Un jour sans fin #sarkocasuffit

- Dites-moi tout.

- Je ne sais pas trop par où commencer.

- Reprenez depuis le début, détendez-vous, vous voulez un verre d’eau ?

- Non, non, ça ira … donc mon mari, comme vous le savez, arrive en fin de contrat et je crois qu’il a du mal à gérer le stress que cela induit … Il se fait des cheveux blancs, au propre comme au figuré. Et … [elle retient un sanglot, sort un mouchoir] Je crois qu’il a perdu la mémoire. Enfin, c’est compliqué à expliquer, c’est plutôt qu’il se croit revenu au début de son contrat. Plus exactement, au moment où il allait décrocher son contrat. Alors quelqu’un m’a dit que vous pourriez peut-être nous aider …

- Expliquez-moi.

- Il refait méticuleusement ce qu’il faisait il y a cinq ans, parfois au détail près. Il a contacté ses collaborateurs de l’époque pour les ré-embaucher. Il se remet à se lever tôt le matin pour aller visiter ses clients sur leur lieu de travail. Il agresse verbalement ses concurrents. Il reprend des mots qu’ils n’utilisait plus …

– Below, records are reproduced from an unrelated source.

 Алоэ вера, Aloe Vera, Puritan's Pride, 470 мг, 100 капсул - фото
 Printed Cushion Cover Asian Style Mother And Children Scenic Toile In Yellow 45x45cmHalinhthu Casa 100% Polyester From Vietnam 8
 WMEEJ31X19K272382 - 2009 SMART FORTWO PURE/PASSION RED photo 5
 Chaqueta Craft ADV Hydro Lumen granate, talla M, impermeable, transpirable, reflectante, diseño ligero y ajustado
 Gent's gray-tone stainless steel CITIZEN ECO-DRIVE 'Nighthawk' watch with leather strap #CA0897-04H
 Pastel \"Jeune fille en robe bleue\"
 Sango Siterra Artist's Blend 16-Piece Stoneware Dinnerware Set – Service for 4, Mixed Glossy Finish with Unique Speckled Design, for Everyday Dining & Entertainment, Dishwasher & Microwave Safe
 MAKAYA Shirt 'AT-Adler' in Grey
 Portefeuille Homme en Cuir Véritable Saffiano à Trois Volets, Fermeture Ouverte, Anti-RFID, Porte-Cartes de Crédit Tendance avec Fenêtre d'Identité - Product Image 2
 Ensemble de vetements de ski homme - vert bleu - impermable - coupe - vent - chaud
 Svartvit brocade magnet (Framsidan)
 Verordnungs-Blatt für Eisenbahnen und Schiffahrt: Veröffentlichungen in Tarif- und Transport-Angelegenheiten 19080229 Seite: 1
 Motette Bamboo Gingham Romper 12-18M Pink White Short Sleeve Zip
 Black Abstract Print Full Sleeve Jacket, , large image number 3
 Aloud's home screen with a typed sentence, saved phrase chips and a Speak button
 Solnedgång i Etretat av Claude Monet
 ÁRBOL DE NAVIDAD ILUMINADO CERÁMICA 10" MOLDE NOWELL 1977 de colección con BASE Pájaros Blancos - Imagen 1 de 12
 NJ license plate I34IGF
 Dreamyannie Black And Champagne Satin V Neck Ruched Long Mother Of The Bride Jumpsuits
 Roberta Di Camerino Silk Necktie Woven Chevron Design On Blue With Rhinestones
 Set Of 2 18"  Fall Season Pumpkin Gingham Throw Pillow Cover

- Vous avez un exemple ? C’est important pour le diagnostic.

- Euh … va … va … « valeurs », je crois, je n’ai pas très bien compris. Ça existe, c’est français ?

- Oui, oui.

- Et puis tra … tra … Attendez j’ai un doute. Vous savez, ce qu’on fait quand on défile pour présenter des vêtements. Traveil ? Travoile ?

- Travail ?

- Oui voilà ! Valeur, travail, il n’a que ça à la bouche. Alors que je vous jure docteur, il ne m’en parlait jamais, jamais plus !

- Et comment réagit son entourage ?

- Ils l’encouragent dans cette voie [elle se mouche bruyamment]. Il y a ce monsieur avec ses gros sourcils qui est revenu frapper à notre porte l’autre jour, et qui prend soin lui aussi de répéter ce qu’il lui disait il y a cinq ans. Qu’il allait gagner, qu’il était le meilleur … C’est sans doute très bon pour le moral de mon mari, mais je vois bien que ça aggrave sa confusion temporelle ! Et puis il y a tout ses subordonnées, il les réunit régulièrement en ce moment, et ils n’arrangent rien à son problème, si vous saviez ! On retrouve les grands moments de la campagne de 2007quand il entre en campagne, ça dépote, et j’en passe, et des meilleures !

- Hum. Je vois. Et vous, comment vous comportez-vous ?

- Je ne sais pas quoi faire. J’ai essayé quelques petites choses pour le maintenir dans la réalité, je lui ai caché sa montre fétiche qu’il avait toujours au poignet avant, par exemple.

- Et pour vous-même, vous faites bien attention, par exemple, à ne pas vous habiller comme à l’époque, à …

- Je … je n’étais pas avec lui il y a 5 ans. Il y en avait une autre.

- Ah. Et vous avez peur qu’il vous oublie aussi, justement, c’est ça ?

- Quand je l’ai entendu discourir l’autre jour sur la famille, le mariage, qui doivent rester des « repères stables » dans la société, je me suis demandé s’il n’était pas en train de m’effacer de sa mémoire, parce bon, on peut pas dire qu’il ait été un as du mariage stable, si vous voyez ce que je veux dire [elle étouffe à nouveau un sanglot].

- Allons. Allons. Reprenez-vous [il lui tapote gentiment le bras]. Nous connaissons ce trouble, que certains de mes confrères appellent syndrome du “jour sans fin”. Les symptômes en disparaîtront d’eux-mêmes quand votre mari sera confronté de manière irréfutable au fait que la période qu’il essaie de reproduire méthodiquement est révolue. Son contrat ne doit pas être renouvelé, c’est bien cela ?

- Non, plus personne n’y croit, à part lui … il s’arrête dans deux mois, en principe.

- Bien. Deux mois à tenir, qu’est-ce que c’est hein ! Prenez sur vous, prenez des vacances, changez d’air. Et réfléchissez déjà à sa reconversion : il faut qu’il rebondisse vite, à l’étranger par exemple ! Vous avez des pistes ?

- Il avait bien quelques amis, en Tunisie, en Italie, ou en Egypte, mais ils ont également été mis à la retraite précoce. Peut-être en Libye

- Vous voyez ! Allez, allez : tant qu’il y a de la vie, il y a de l’espoir.